The educational system in Looking Backward does not educate some individuals highly and leave others untrained.X-34 It gives everyone “the completest education that the nation can give,” in order that individuals may enjoy themselves, in order that they may enjoy one another, and in order that the unborn may be guaranteed an intelligent and refined parentage.

Bellamy holds that human nature in its essential quality is good, not bad, and that men are naturally generous, not selfish; pitiful, not cruel; godlike in aspirations, moved by divine impulses of goodness, images of God and not the travesties upon Him which they have seemed.X-35 It is our economic order which has fostered shameless self-assertion, mutual depreciation, a stunning clamor of conflicting boasts, and a stupendous system of brazen beggary.

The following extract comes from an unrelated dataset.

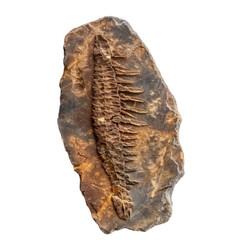 Fossilized fish specimen embedded in stone, showcasing intricate details of ancient marine life. This unique piece highlights beauty of paleontology and natural history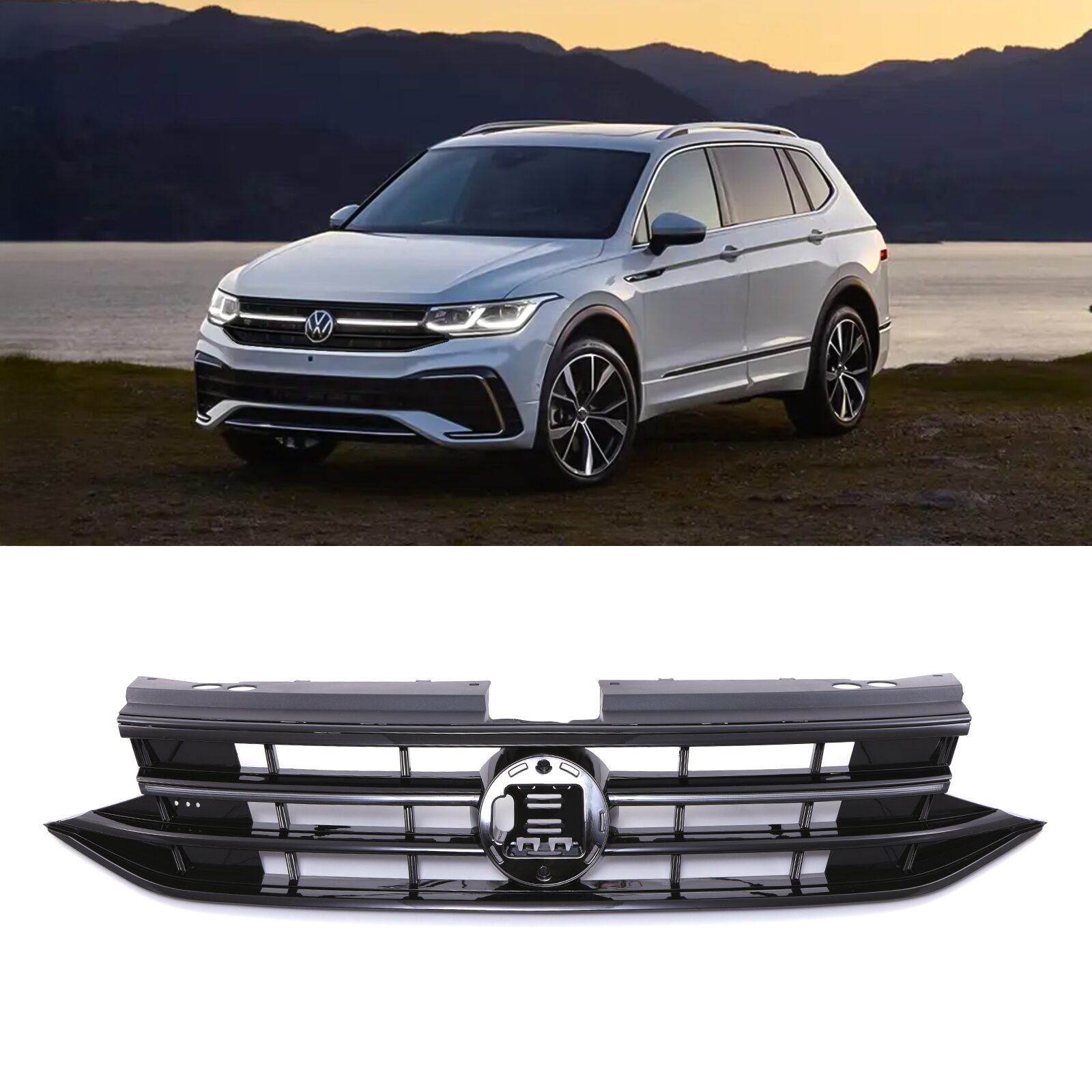 LED DRL Grille Gloss VW Tiguan R Facelift 2021+ &ndash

In three utopias, H. G. Wells portrays societary conditions that are kinetic rather than static and world-wide rather than local in scope.X-36 While the author provides a changed economic system, socialistic in nature, he urges that changed social attitudes are also needed.

In the utopian social thought that has been presented in this chapter and in similar works which are not mentioned here there is generally displayed (1) a common weakness of impracticability under current circumstances, (2) an over-emphasis upon simply changing the economic order, and (3) static rather than dynamic principles. The strength of utopian social thought is found (1) in its drastic criticism of current social evils, (2) in its relative harmlessness at the given time, (3) in the force of its indirect suggestion, (4) in the widespread hearing which it secures, and (5) in its social idealism.